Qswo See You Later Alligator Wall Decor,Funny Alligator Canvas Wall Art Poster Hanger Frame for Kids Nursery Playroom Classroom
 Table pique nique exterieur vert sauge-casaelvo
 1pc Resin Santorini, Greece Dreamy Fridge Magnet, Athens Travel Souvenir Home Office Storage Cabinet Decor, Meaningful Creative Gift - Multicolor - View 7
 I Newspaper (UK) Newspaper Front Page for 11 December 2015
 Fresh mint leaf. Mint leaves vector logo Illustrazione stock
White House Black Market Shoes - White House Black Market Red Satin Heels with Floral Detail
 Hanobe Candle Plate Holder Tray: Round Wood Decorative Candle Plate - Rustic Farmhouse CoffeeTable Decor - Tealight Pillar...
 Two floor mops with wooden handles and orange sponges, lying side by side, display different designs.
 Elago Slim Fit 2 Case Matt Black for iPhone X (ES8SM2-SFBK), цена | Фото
★ ★ ★ ★ ★ ★ ★
**EXERCISE DIRECTIONS**
Exact transcription of the records is all that is wanted.

**ANSWER**
Qswo See You Later Alligator Wall Decor,Funny Alligator Canvas Wall Art Poster Hanger Frame for Kids Nursery Playroom Classroom
 Table pique nique exterieur vert sauge-casaelvo
 1pc Resin Santorini, Greece Dreamy Fridge Magnet, Athens Travel Souvenir Home Office Storage Cabinet Decor, Meaningful Creative Gift - Multicolor - View 7
 I Newspaper (UK) Newspaper Front Page for 11 December 2015
 Fresh mint leaf. Mint leaves vector logo Illustrazione stock
White House Black Market Shoes - White House Black Market Red Satin Heels with Floral Detail
 Hanobe Candle Plate Holder Tray: Round Wood Decorative Candle Plate - Rustic Farmhouse CoffeeTable Decor - Tealight Pillar...
 Two floor mops with wooden handles and orange sponges, lying side by side, display different designs.
 Elago Slim Fit 2 Case Matt Black for iPhone X (ES8SM2-SFBK), цена | Фото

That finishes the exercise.